OK, enough of the Keats.

I took on a tetrad – a word, of which, I suspect Keats was unaware, but basically a 2km x 2km square of rural Bedfordshire. Though I listened, none did I hear.  We will have to wait a little while for the BTO to crunch all the numbers (and ‘0’ is still a number) and reveal the current status of nightingales in England (the only part of the UK where they breed).

But recent trends have been dispiriting with numbers falling and range contracting – Breeding Bird Survey results show nearly 6 out of 10 nightingales have been lost between 1995 and 2009.

But in one place the trend has been bucked – on Kent’s Hoo peninsula (yes the place being eyed up as a four runway airport + associated infrastructure, but that is a different story) preliminary results from this year’s survey have revealed that the Hoo Peninsula is a national stronghold for nightingales.

Around 150 nightingales were giving it large (and you can here just one here) on the peninsula this spring, almost double the number found during the last national survey in 1999.  This makes the Hoo Peninsula one of the bird’s strongholds in Kent and, indeed, nationally.

A nightingale; singest of summer in full-throated ease - but for how long? Picture John Bridges RSPB Images

The key areas were at Lodge Hill near Chattenden, and the area between Higham, Cliffe and the RSPB’s reserve at Northward Hill.  With 84 singing males, the Lodge Hill area looks like it is one of the most important in Kent and possibly the whole country.
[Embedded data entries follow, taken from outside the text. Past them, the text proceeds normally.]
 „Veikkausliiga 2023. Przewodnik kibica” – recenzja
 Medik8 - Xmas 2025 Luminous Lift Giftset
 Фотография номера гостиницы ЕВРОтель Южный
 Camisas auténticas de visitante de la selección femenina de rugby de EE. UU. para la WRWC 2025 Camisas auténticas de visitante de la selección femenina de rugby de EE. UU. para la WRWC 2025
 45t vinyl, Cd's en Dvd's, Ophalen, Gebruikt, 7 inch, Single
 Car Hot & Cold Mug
So much for the good news.

 The reason the BTO pulled out all the stops and made available this preliminary assessment is because of the threat from a plan by Medway Council to build up to 5,000 houses at Lodge Hill. You can read more about this case here.

Our regional director for the South East, Chris Corrigan, is clear about the risk, “Most of the nightingales are found in the proposed development site, a development that would wipe out their habitat.  Recreational disturbance and predation by domestic pets mean the remaining nightingales in the adjacent Chattenden Woods Site of Special Scientific Interest would be very badly affected.”
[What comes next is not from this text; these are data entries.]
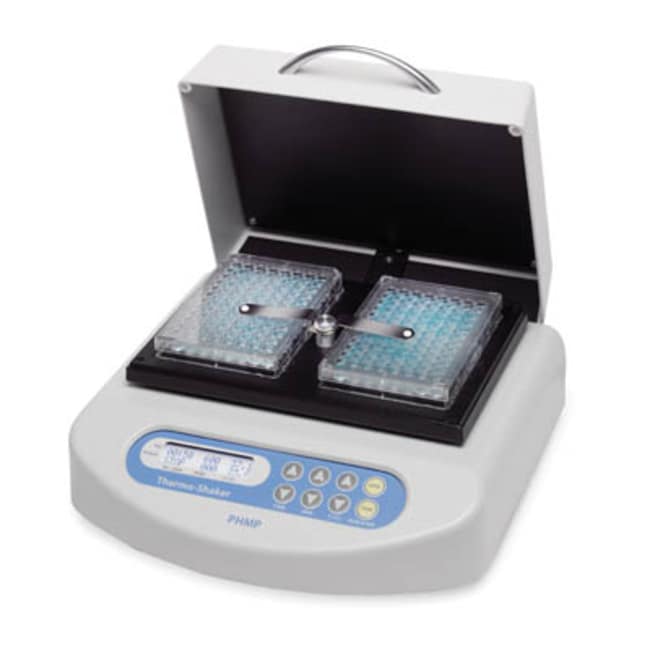 Grant Instruments™ Microplate Thermoshaker Home Fisher Scientific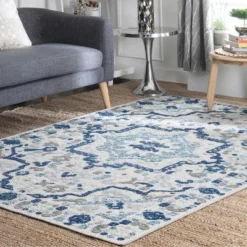 NuLOOM Indoor/Outdoor Contemporary Celestial Area Rug 15 NuLOOM Indoor/Outdoor Contemporary Celestial Area Rug -Home Decoration Series GUEST 629a720c e972 4455 ac97 34cdeecc9f74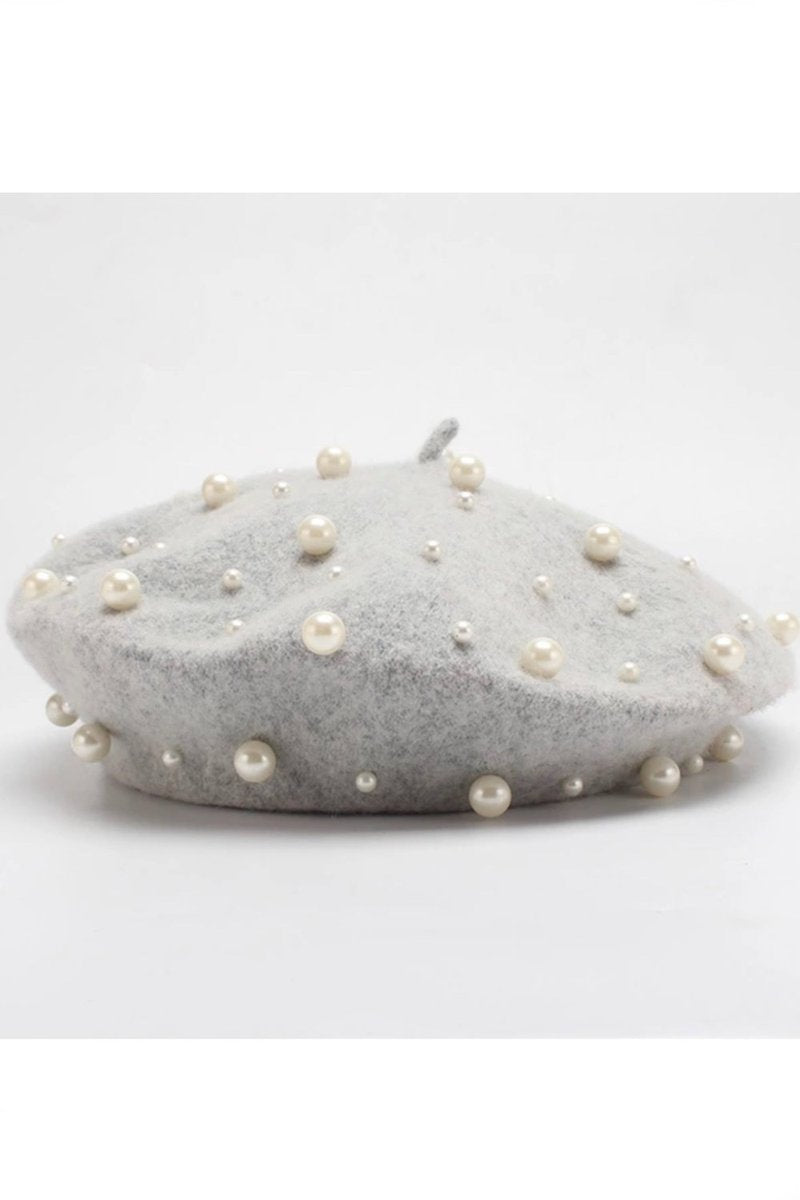 Pearl Beret - 6 Colors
“We objected strongly to the development at the recent inquiry into the Council’s plans and urged them to reconsider their plans.  We find it astonishing that a site that is so important for a rapidly declining species is earmarked for development.  This is precisely the kind of magical place for wildlife that the Council should be protecting for the nation.”

Chris went on to say, “The Council and the developers have claimed they can create new habitat for nightingales, but this is untried and untested – we simply should not be taking a risk with somewhere this important.”

“Now that the true value of Lodge Hill has been revealed we are calling on Medway Council to withdraw its damaging proposal and instead work with the RSPB, other conservation bodies and the local community to celebrate Lodge Hill and the Hoo Peninsula; this place is one of the natural wonders of Kent, the nightingale was celebrated by Keats and Shakespeare and should be protected for the inspiration of future generations.”

For 2012 the breeding season for nightingales is over, their plaintive anthem has faded for another year.  How safe will be their white hawthorn and pastoral eglantine? That is the question that must now be answered.